▸ **EXERCISE OBJECTIVE**:
Word for word, transcribe every line from the one holding "1844 S Jefferson" through the end of the records, but not the pictures.

Pictures with short captions
★ ★ ★ ★ ★
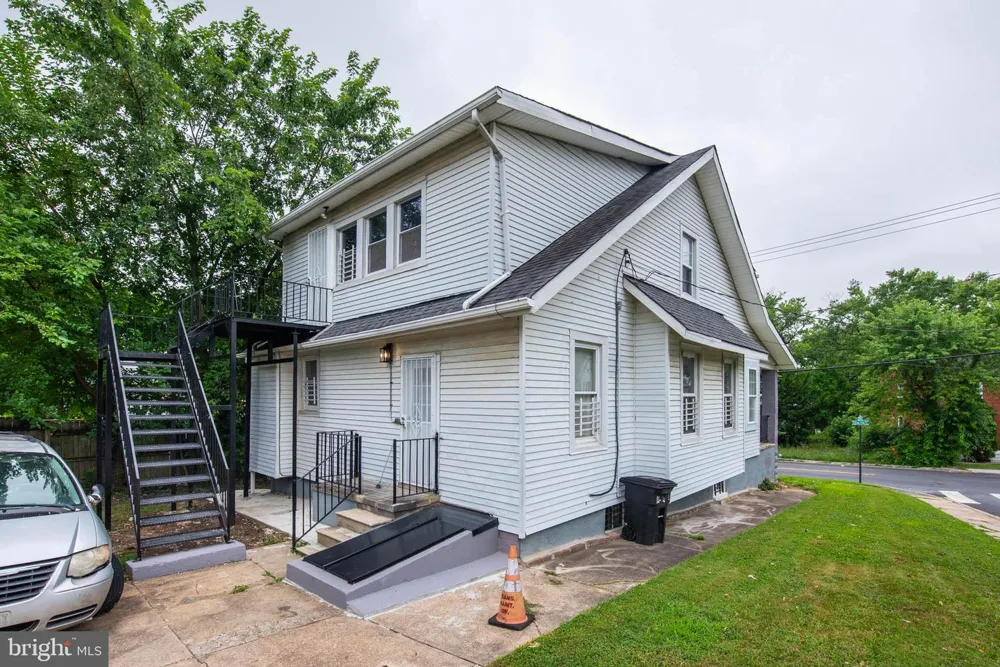 3300 HAMILTON AVENUE Baltimore, MD 21214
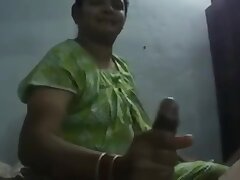 Trounce Clammy Handjob Indian Desi aunty ripen into suppliant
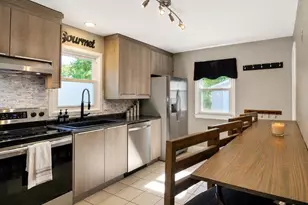 1844 S Jefferson St, Appleton, WI 54915 - Photo 4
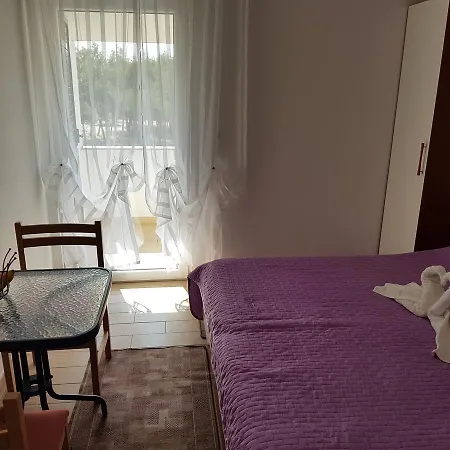 Camp Krka Gasthuis 3*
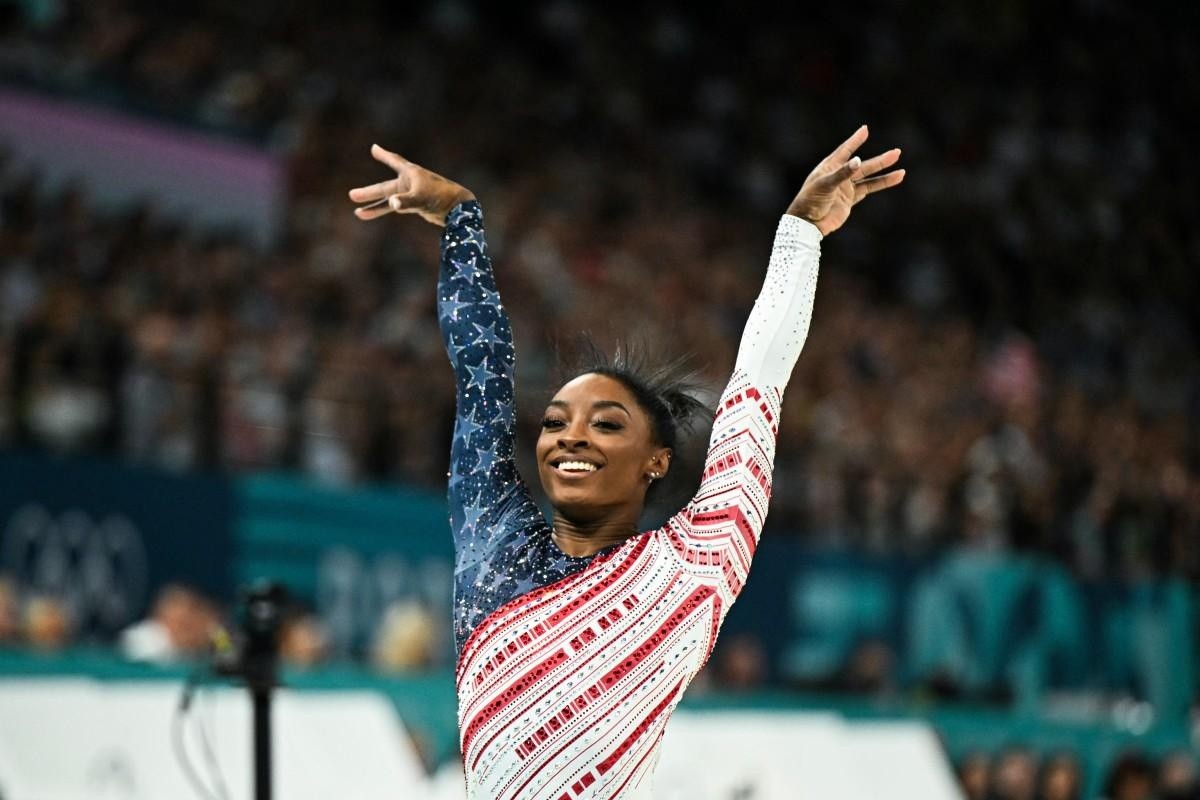US' Simone Biles competes in the balance beam event of the artistic gymnastics women's team final during the Paris 2024 Olympic Games at the Bercy Arena in Paris, on July 30, 2024. (Photo by Gabriel BOUYS / AFP) (GABRIEL BOUYS / AFP)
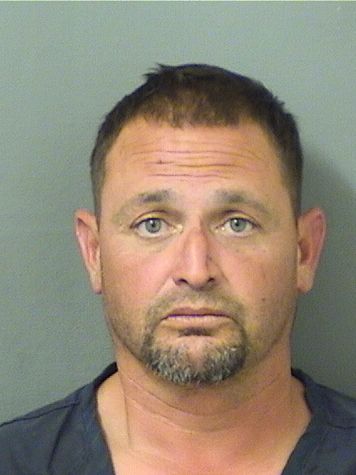  ANTHONY DOUGLASJ JEWELL Photo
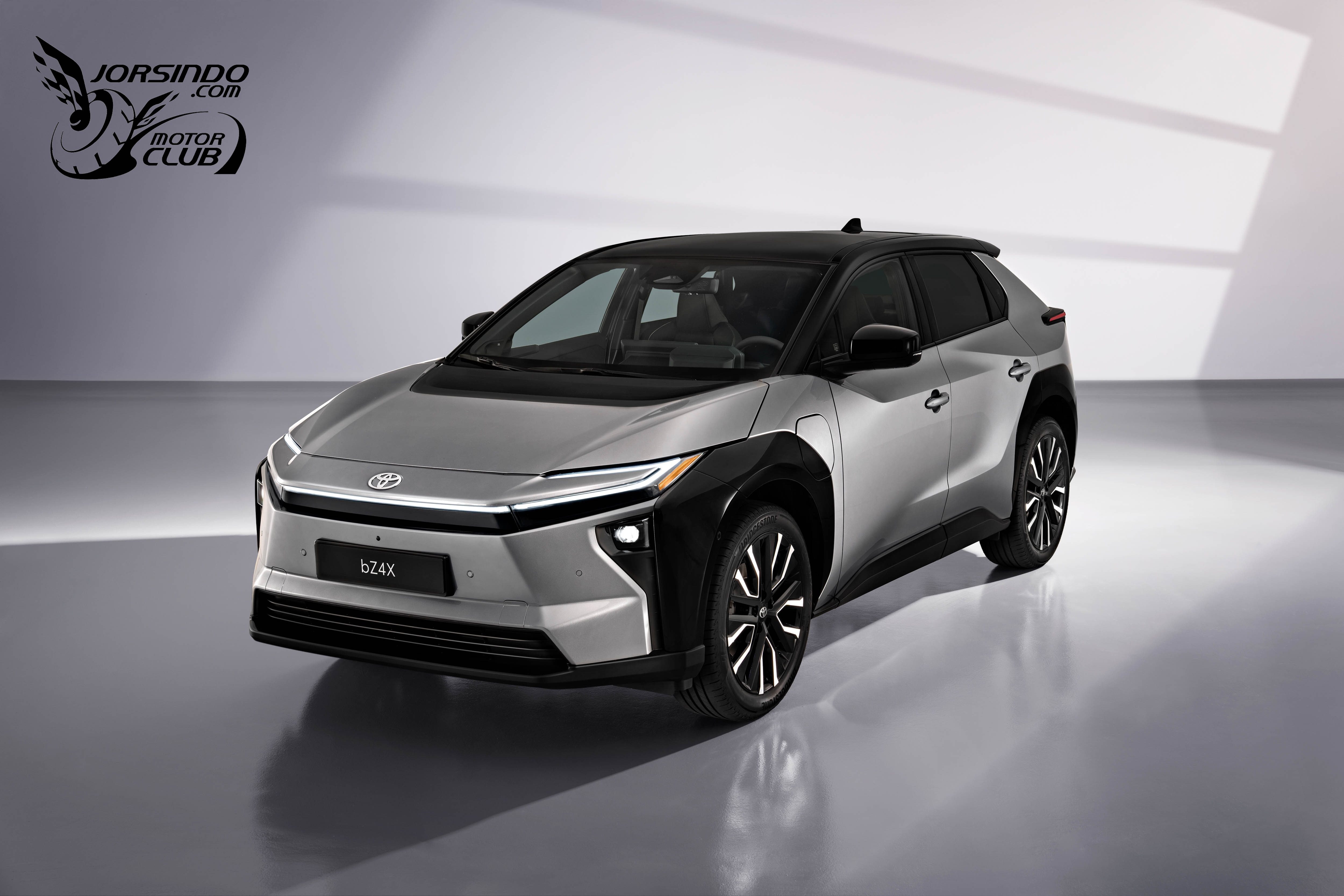 動力、續航力提升！Toyota小改款bZ4X 136萬國內預售開跑4265|小老婆汽機車資訊網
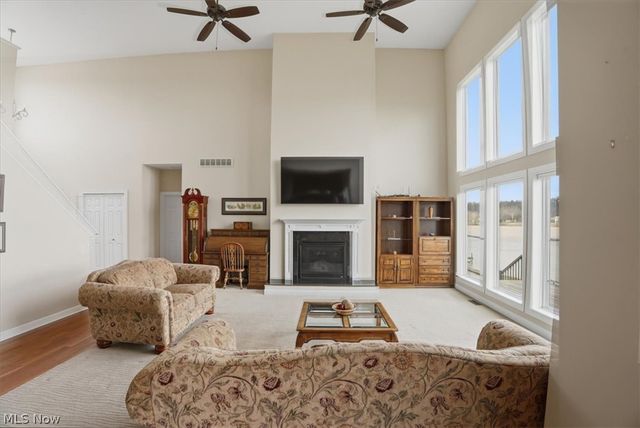 2 Stern Drive, Williamstown, WV 26187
★ ★ ★ ★ ★
▸ **TASK RESPONSE**:
 1844 S Jefferson St, Appleton, WI 54915 - Photo 4
 Camp Krka Gasthuis 3*
US' Simone Biles competes in the balance beam event of the artistic gymnastics women's team final during the Paris 2024 Olympic Games at the Bercy Arena in Paris, on July 30, 2024. (Photo by Gabriel BOUYS / AFP) (GABRIEL BOUYS / AFP)
  ANTHONY DOUGLASJ JEWELL Photo
 動力、續航力提升！Toyota小改款bZ4X 136萬國內預售開跑4265|小老婆汽機車資訊網
 2 Stern Drive, Williamstown, WV 26187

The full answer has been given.